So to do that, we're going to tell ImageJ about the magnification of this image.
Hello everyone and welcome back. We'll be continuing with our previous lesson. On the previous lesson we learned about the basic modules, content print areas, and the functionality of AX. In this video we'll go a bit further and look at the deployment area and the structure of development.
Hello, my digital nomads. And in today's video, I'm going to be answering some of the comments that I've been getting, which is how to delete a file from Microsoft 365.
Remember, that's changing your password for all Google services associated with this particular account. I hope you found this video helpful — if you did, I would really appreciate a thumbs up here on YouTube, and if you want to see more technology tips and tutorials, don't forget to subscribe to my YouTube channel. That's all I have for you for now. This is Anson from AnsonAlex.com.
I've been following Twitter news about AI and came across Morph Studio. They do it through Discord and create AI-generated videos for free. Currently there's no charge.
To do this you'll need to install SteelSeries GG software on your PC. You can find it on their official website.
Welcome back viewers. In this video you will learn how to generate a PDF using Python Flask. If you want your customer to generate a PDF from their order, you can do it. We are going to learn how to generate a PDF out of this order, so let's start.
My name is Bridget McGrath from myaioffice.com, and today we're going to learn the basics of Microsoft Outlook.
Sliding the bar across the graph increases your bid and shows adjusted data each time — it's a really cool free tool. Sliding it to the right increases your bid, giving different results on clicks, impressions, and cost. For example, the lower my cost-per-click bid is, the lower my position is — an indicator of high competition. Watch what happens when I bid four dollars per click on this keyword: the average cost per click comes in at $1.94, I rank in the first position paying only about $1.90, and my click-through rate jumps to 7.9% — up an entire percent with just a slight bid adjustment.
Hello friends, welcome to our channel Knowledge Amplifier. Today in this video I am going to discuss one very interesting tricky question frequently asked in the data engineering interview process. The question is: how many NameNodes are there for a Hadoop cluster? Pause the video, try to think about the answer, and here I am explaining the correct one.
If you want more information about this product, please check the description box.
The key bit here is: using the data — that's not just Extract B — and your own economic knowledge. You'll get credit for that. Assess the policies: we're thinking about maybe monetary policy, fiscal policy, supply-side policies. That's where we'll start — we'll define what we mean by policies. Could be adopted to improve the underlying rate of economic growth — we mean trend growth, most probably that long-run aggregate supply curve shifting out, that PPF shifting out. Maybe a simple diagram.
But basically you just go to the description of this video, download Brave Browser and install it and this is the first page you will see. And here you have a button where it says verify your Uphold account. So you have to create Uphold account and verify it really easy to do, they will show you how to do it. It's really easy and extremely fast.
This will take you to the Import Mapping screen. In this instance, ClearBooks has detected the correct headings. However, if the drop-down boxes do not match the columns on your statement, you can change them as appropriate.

Aim of the task
Select all lines with the word "description" from the entries above.

Answer for this exercise
If you want more information about this product, please check the description box.
But basically you just go to the description of this video, download Brave Browser and install it and this is the first page you will see. And here you have a button where it says verify your Uphold account. So you have to create Uphold account and verify it really easy to do, they will show you how to do it. It's really easy and extremely fast.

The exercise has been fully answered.